US launches airstrikes in Syria after drone kills US contractor
BEIRUT — A strike Thursday by a suspected Iranian-made drone killed a U.S. contractor and wounded six other Americans in northeast Syria, and U.S. forces retaliated with airstrikes on sites in Syria used by groups affiliated with Iran’s Revolutionary Guard, the Pentagon said. Activists said the U.S. bombing killed at least four people.
While it’s not the first time the U.S. and Iran have traded strikes in Syria, the attack and the U.S. response threaten to upend recent efforts to deescalate tensions across the wider Middle East, whose rival powers have made steps toward détente in recent days after years of turmoil.
U.S. Defense Secretary Lloyd Austin said in a statement that the American intelligence community had determined the drone was of Iranian origin, but offered no other immediate evidence to support the claim.
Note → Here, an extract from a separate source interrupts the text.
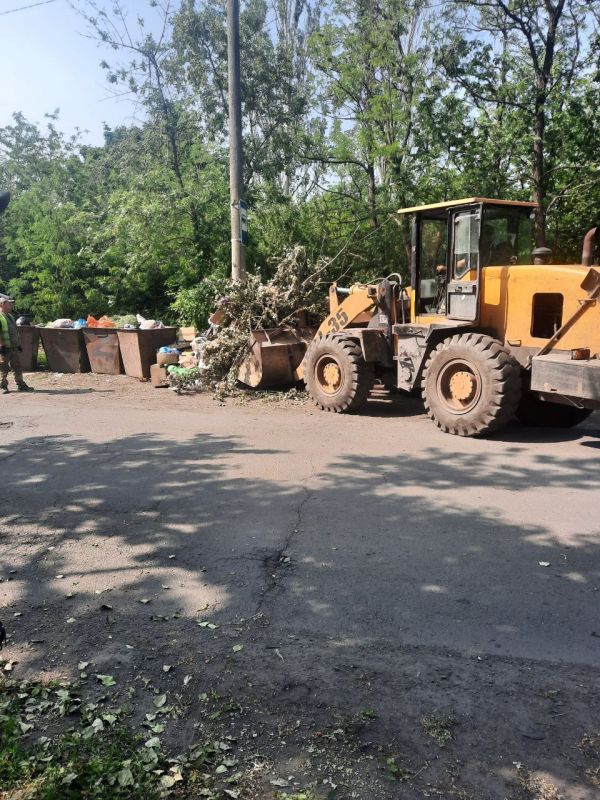 Андрей Рубанцов: Ровеньковские коммунальщики продолжают ликвидировать несанкционированные свалки мусора на территории городского округа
The drone hit a coalition base in the northeast Syrian city of Hasaka. The wounded included five American service members and a U.S. contractor.
Austin said the strikes were a response to the drone attack “as well as a series of recent attacks against coalition forces in Syria” by groups affiliated with the Revolutionary Guard.
Iran relies on a network of proxy forces through the Mideast to counter the U.S. and Israel, its arch regional enemy. The U.S. has had forces in northeast Syria since 2015, when they deployed as part of the fight against the Islamic State group, and maintains some 900 troops there, working with Kurdish-led forces that control around a third of Syria.
The U.S. airstrikes hit targets in three towns in eastern Syria, activists said. Overnight, videos on social media purported to show explosions in Deir el-Zour, a strategic province that borders Iraq and contains oil fields. Iranian-backed militia groups and Syrian forces control the area, which also has seen suspected airstrikes by Israel in recent months allegedly targeting Iranian supply routes.
According to a defense official, the U.S. counter strikes were conducted by F-15 fighter jets flying out of al-Udeid Air Base in Qatar. The official spoke on condition of anonymity to discuss military operations.
According to a U.S. official, the U.S. F-15s struck three locations, all in the vicinity of Deir el-Zour.
The activist group Deir Ezzor 24, which covers news in the province, said the American strikes killed four people and wounded a number of others, including Iraqis.
The Syrian Observatory for Human Rights, an opposition war monitor, put the death toll from U.S. strikes at 11 Iranian-backed fighters — including six at an arms depot in the Harabesh neighborhood in the city of Deir el-Zour and five others at military posts near the towns of Mayadeen and Boukamal.
Rami Abdurrahman who heads the Observatory said three rockets were fired earlier Friday at al-Omar oil field in Deir el-Zour that houses U.S. troops, an apparent retaliation to the American strikes.
The Associated Press could not immediately independently confirm the activist reports. Iran and Syria did not immediately acknowledge the strikes, nor did their officials at the United Nations in New York respond to requests for comment from the AP.
Iran’s paramilitary Revolutionary Guard, which answers only to Supreme Leader Ayatollah Ali Khamenei, has been suspected of carrying out attacks with bomb-carrying drones across the wider Middle East.
The exchange of strikes came as Saudi Arabia and Iran have been working toward reopening embassies in each other’s countries. The kingdom also acknowledged efforts to reopen a Saudi embassy in Syria, whose embattled President Bashar Assad has been backed by Iran in his country’s long war.
U.S. Army Gen. Michael “Erik” Kurilla, the head of the American military’s Central Command, warned that its forces could carry out additional strikes if needed. “We are postured for scalable options in the face of any additional Iranian attacks,” Kurilla said in a statement.
Addressing the U.S. House Armed Services Committee on Thursday, Kurilla warned lawmakers that the “Iran of today is exponentially more militarily capable than it was even five years ago.” He pointed to Iran’s arsenal of ballistic missiles and bomb-carrying drones.
“What Iran does to hide its hand is they use Iranian proxies,” Kurilla said.
According to officials, Iran has launched 80 attacks against U.S. forces and locations in Iraq and Syria since January 2021. The vast majority of those have been in Syria.
Diplomacy to deescalate the exchange appeared to begin immediately. The foreign minister of Qatar spoke by phone with U.S. National Security Adviser Jake Sullivan as well as Iranian Foreign Minister Hossein Amirabdollahian, the Qatari state news agency report. Doha has been an interlocutor between Iran and the U.S. recently amid tensions over Tehran’s nuclear program.